**Prompt**
Print only the lines below from the one with "Tissot PR516 chronograph" to the one with "Octagonal Star S925", both included, exactly as they stand. Leave pictures out.

**Information supplied**
§ §

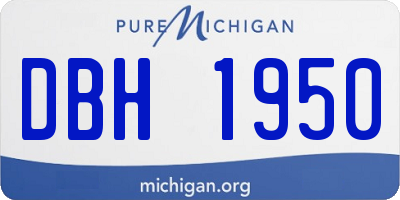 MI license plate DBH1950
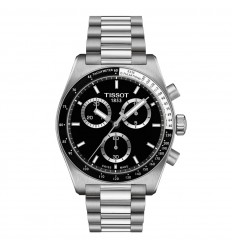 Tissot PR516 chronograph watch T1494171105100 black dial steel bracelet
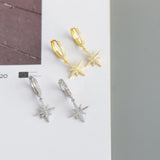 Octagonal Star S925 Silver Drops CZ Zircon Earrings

§ §

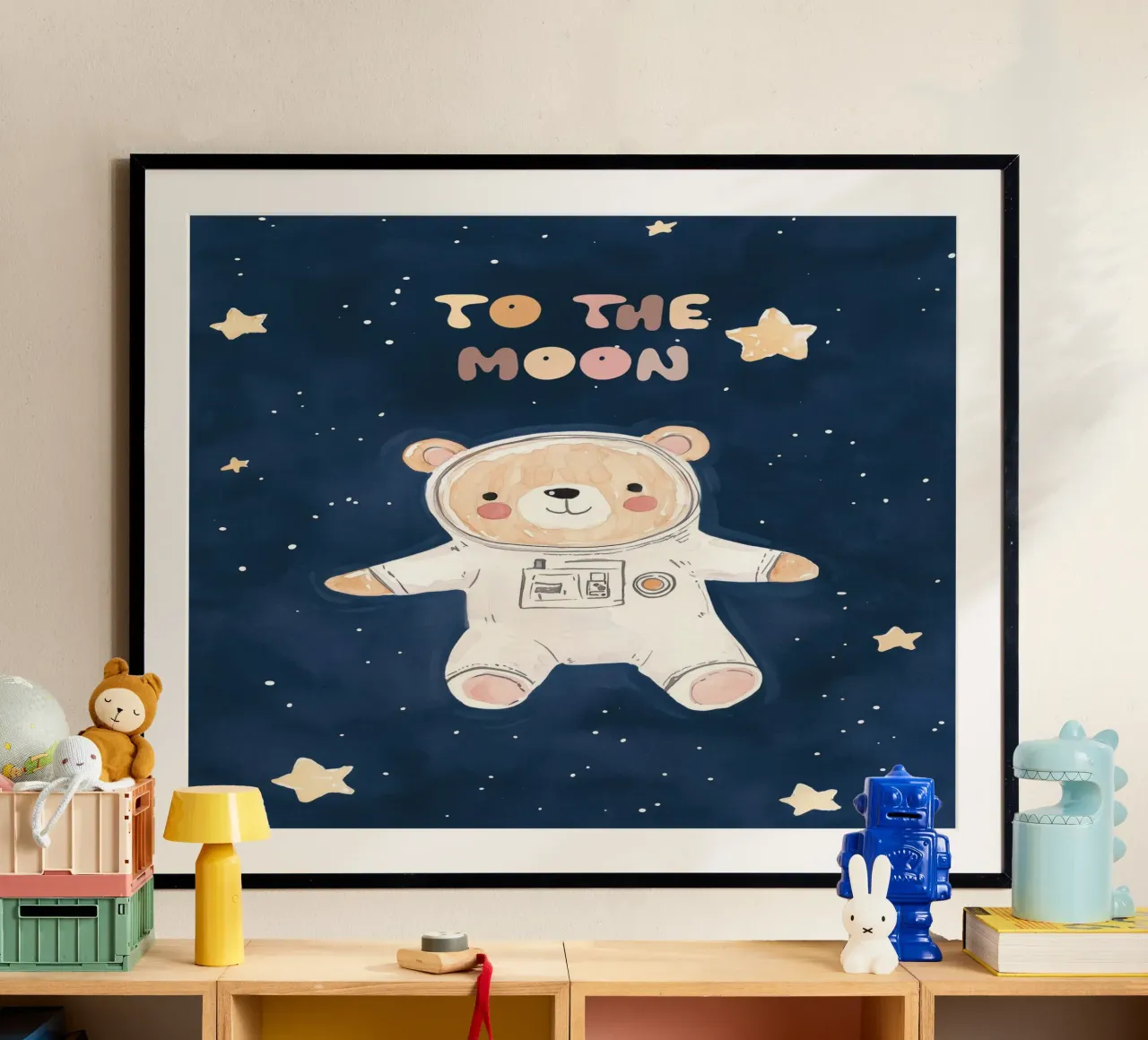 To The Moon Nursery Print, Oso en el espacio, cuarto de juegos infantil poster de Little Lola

§ §

**Written reply**
 Tissot PR516 chronograph watch T1494171105100 black dial steel bracelet
 Octagonal Star S925 Silver Drops CZ Zircon Earrings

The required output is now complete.